== Task details ==
Where the line containing "Appraisal: Walnut Pedestal" appears below, start there and repeat each line exactly to the end. Leave the pictures out.

== Exercise data ==
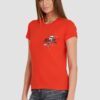 KARL LAGERFELD Czerwony damski t-shirt ikonik lny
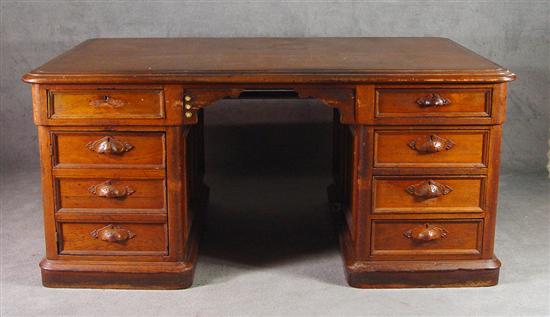 Appraisal: Walnut Pedestal Desk Turn-of-the-Century Three piece construction Left pedestal with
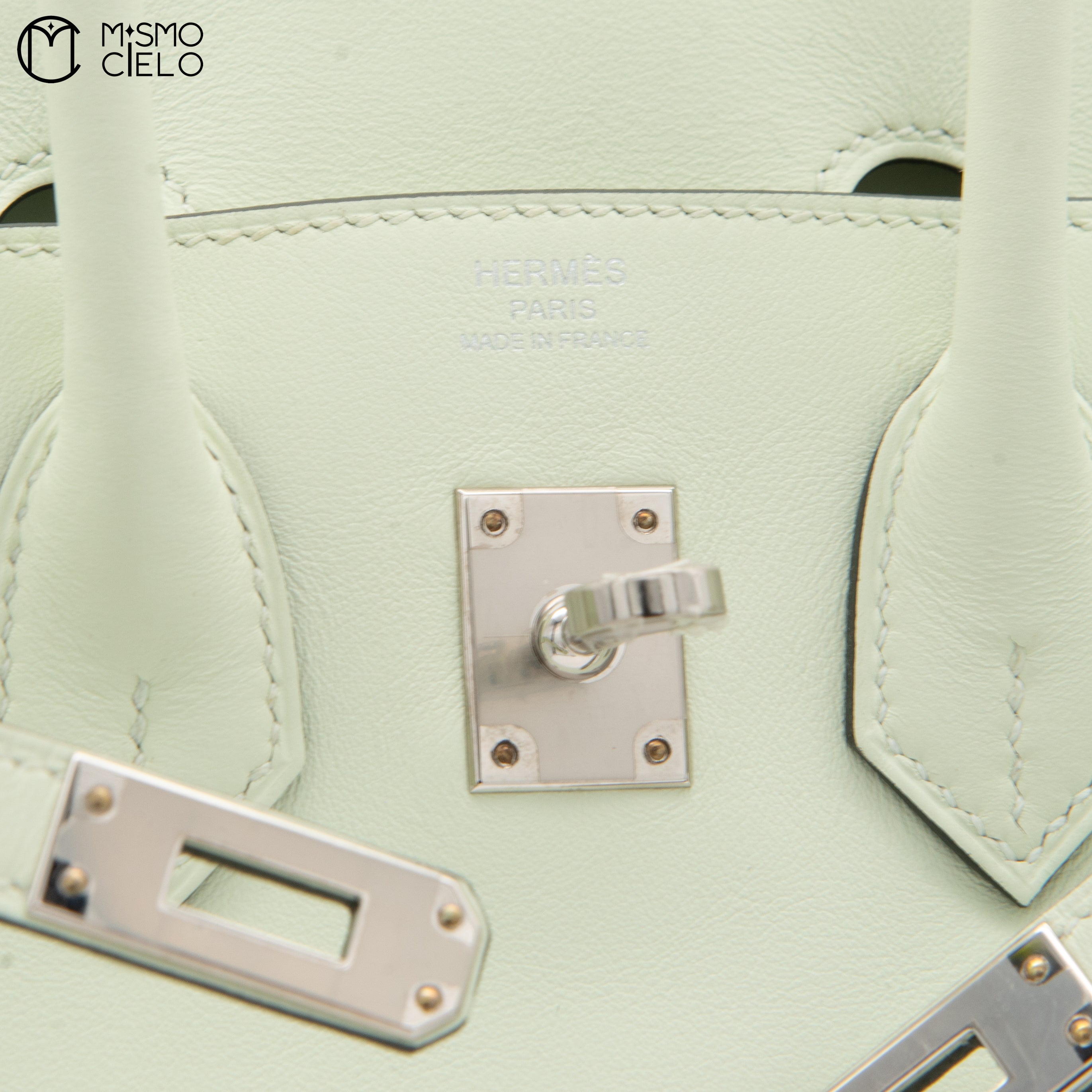 HERMES Authenticated Vert Fizz  Swift Birkin 25  Handbag *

== Solution for this exercise ==
 Appraisal: Walnut Pedestal Desk Turn-of-the-Century Three piece construction Left pedestal with
 HERMES Authenticated Vert Fizz  Swift Birkin 25  Handbag *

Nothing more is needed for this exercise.